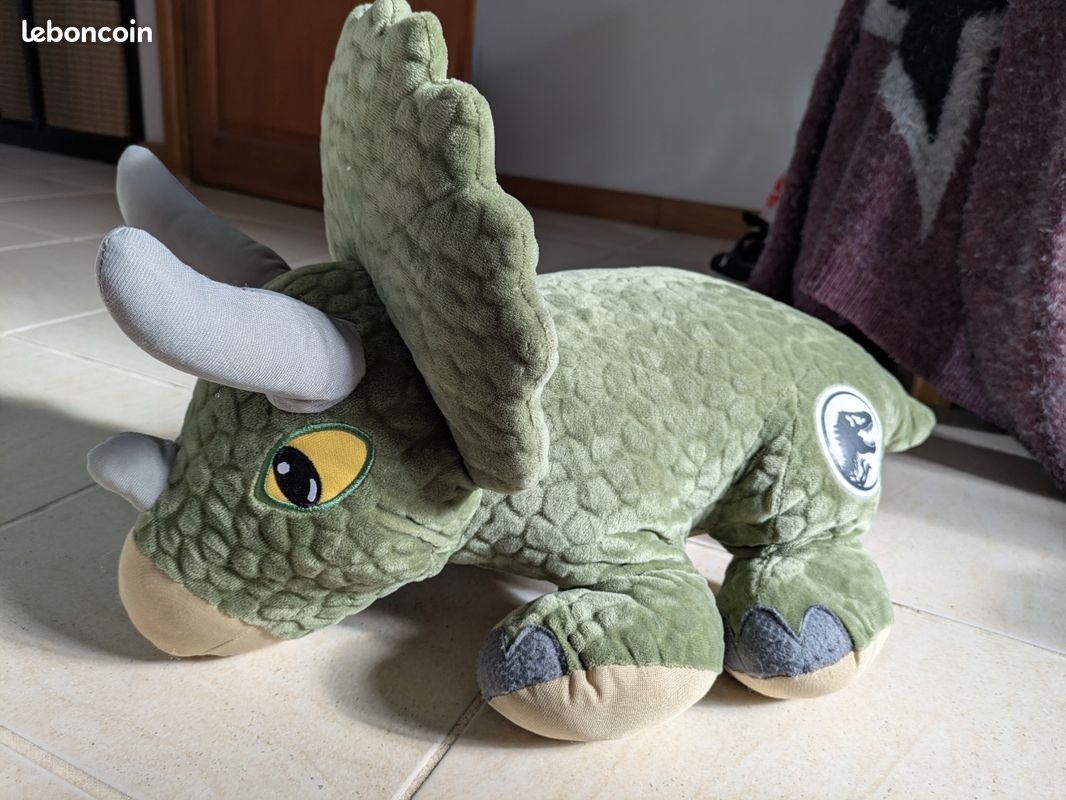 Peluche triceratops (image 5)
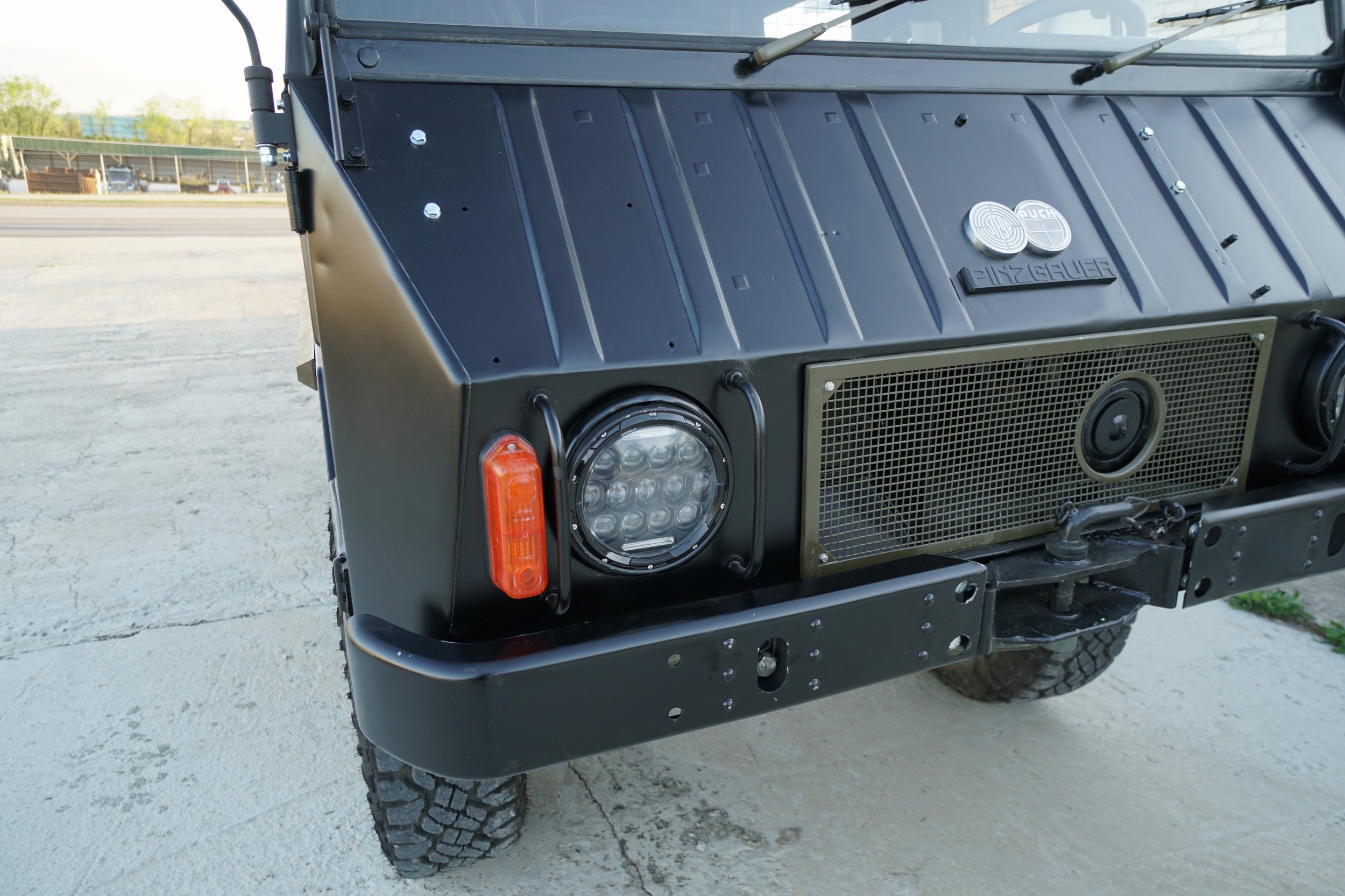 Troop Carrier in Black very nice condition 
Clean ..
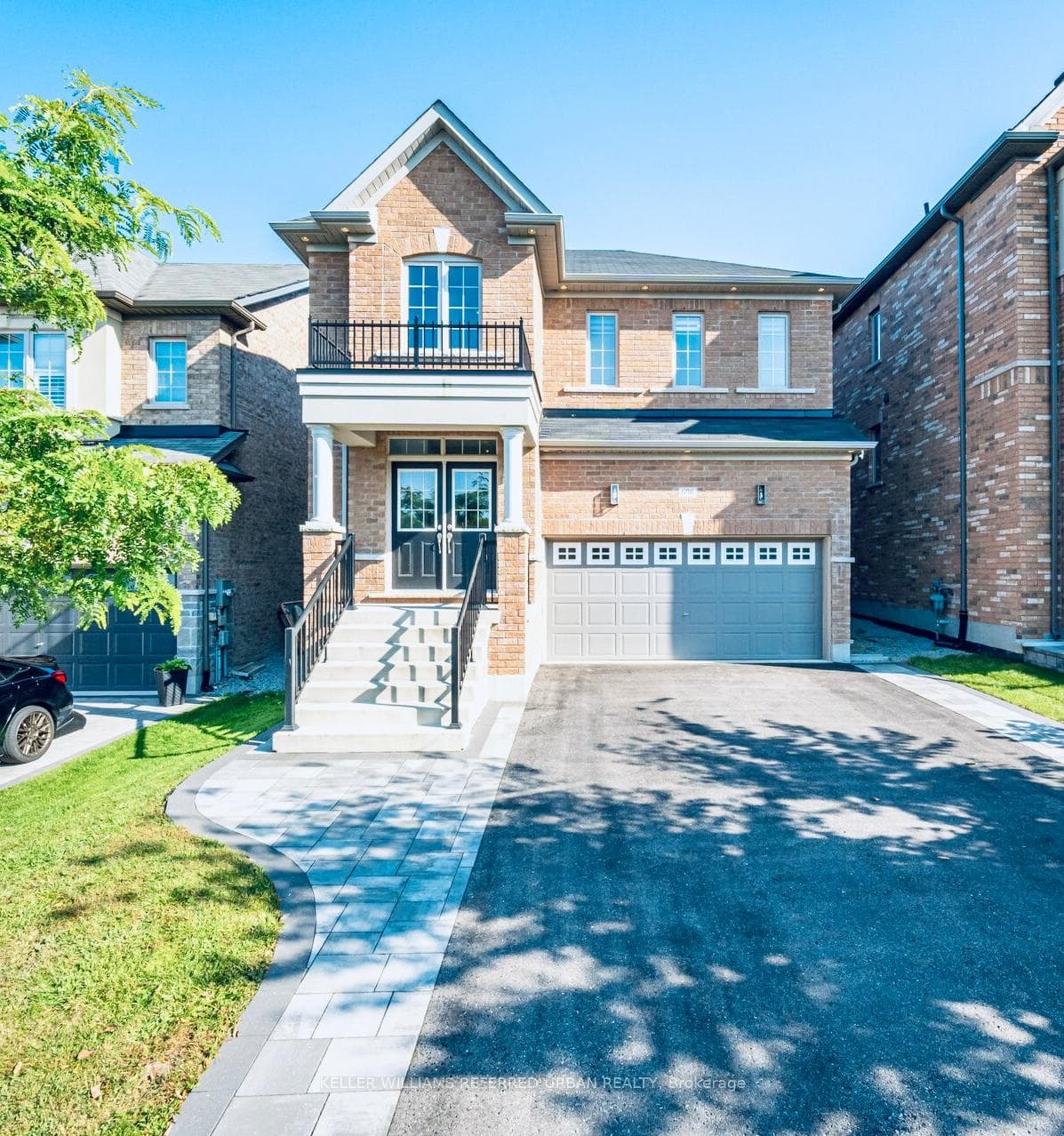 696 Clifford Perry Place photo 1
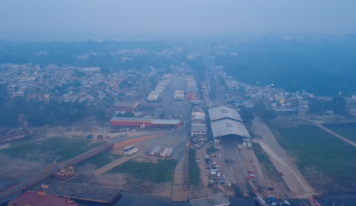 Fumaça densa volta a encobrir Manaus, que registra pior qualidade do ar do Brasil; Defesa Civil emite alerta severo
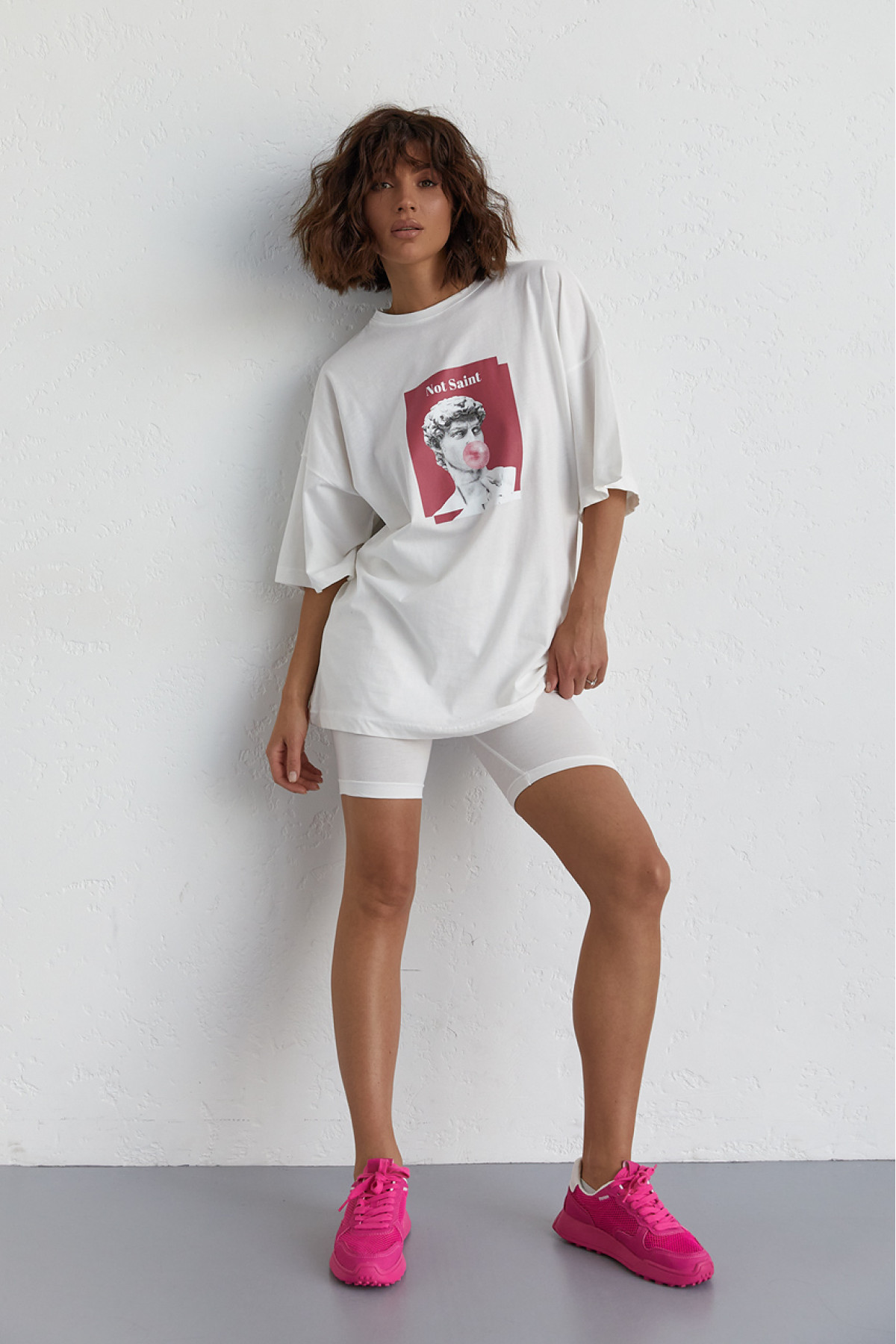 Жіночий костюм з футболкою oversize та велосипедками  молочний колір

+ + + +

# [How to complete this task]
Print only the lines from the one with "Troop Carrier in Black very nice condition" through the last line of the data above, exactly and with both ends, and please omit any pictures.

# [Problem solution]
 Troop Carrier in Black very nice condition 
Clean ..
 696 Clifford Perry Place photo 1
 Fumaça densa volta a encobrir Manaus, que registra pior qualidade do ar do Brasil; Defesa Civil emite alerta severo
 Жіночий костюм з футболкою oversize та велосипедками  молочний колір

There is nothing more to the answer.